Oleh karena itu PAUD nonformal umumnya perlu dirancang dan diselenggarakan:

  1. secara interaktif, inspiratif, menyenangkan, menantang, dan mendorong kreativitas serta kemandirian;
  2. sesuai dengan tahap pertumbuhan fisik dan perkembangan mental anak serta kebutuhan dan kepentingan terbaik anak;
  3. dengan memperhatikan perbedaan bakat, minat, dan kemampuan tiap-tiap anak; dan
  4. dengan mengintegrasikan kebutuhan anak terhadap kesehatan, gizi, dan stimulasi psikososial.

STTPA[sunting | sunting sumber]

Standar Tingkat Pencapaian Perkembangan Anak Usia Dini (STPPA) adalah kriteria tentang kemampuan yang dicapai anak pada seluruh aspek perkembangan dan pertumbuhan. STPPA mejadi acuan untuk mengembangkan standar isi, proses, penilaian, pendidik dan tenaga kependidikan, sarana dan prasarana, pengelolaan, serta pembiayaan dalam pengelolaan dan penyelenggaraan PAUD, serta menjadi acuan yang dipergunakan dalam pengembangan kurikulum PAUD.

Standar yang digunakan untuk melihat tingkat pencapaian perkembangan anak usia dini tersebut adalah evaluasi terhadap pertumbuhan dan perkembangan anak yang dapat dicapai pada rentang usia tertentu. Pertumbuhan anak yang dimaksud adalah berupa pertambahan berat dan tinggi badan yang mencerminkan kondisi kesehatan dan gizi yang mengacu pada panduan pertumbuhan anak dan dipantau menggunakan instrumen yang dikembangkan oleh Kementerian Kesehatan yang meliputi Kartu Menuju Sehat (KMS), Tabel BB/TB, dan alat ukur lingkar kepala. Sementara perkembangan anak yang dimaksud adalah berupa integrasi dari perkembangan aspek nilai agama dan moral, fisik-motorik, kognitif, bahasa, dan sosial-emosional, serta seni, yang dapat diukur dari perubahan perilaku yang berkesinambungan dan terintegrasi dari faktor genetik dan lingkungan serta meningkat secara individual baik kuantitatif maupun kualitatif.
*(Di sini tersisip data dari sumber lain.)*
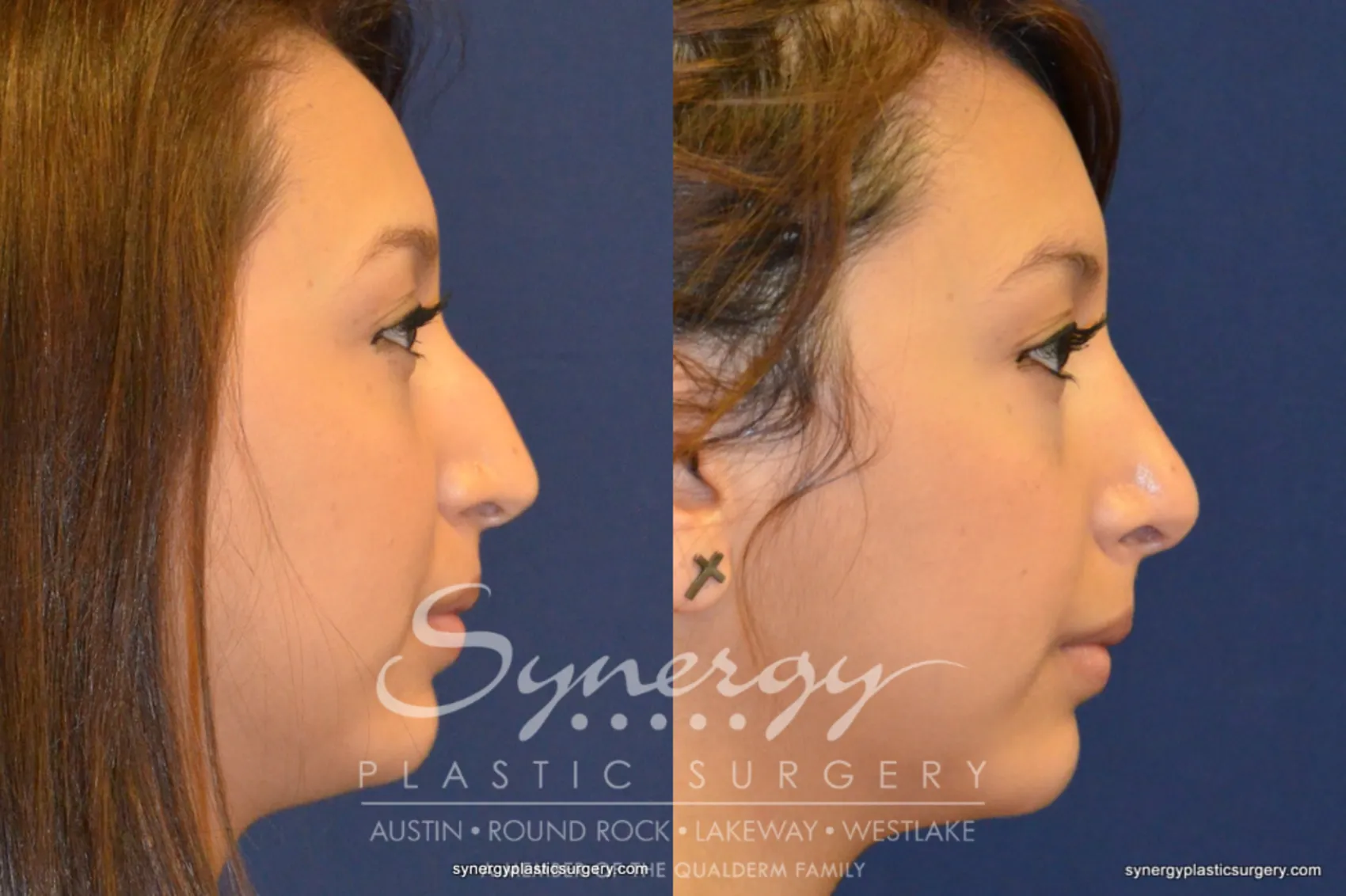 Synergy Plastic Surgery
Pentahapan usia dalam STPPA terdiri dari:

  1. tahap usia lahir hingga 2 tahun, terdiri atas kelompok usia: lahir sampai dengan 3 bulan, 3–6 bulan, 6–9 bulan, 9–12 bulan (9 bulan hingga 1 tahun), 12–18 bulan (1–1,5 tahun), dan 18–24 bulan (1,5–2 tahun);
  2. tahap usia 2–4 tahun, terdiri atas kelompok usia: 2–3 tahun dan 3–4 tahun; serta
  3. tahap usia 4–6 tahun, terdiri atas kelompok usia: 4–5 tahun dan 5–6 tahun.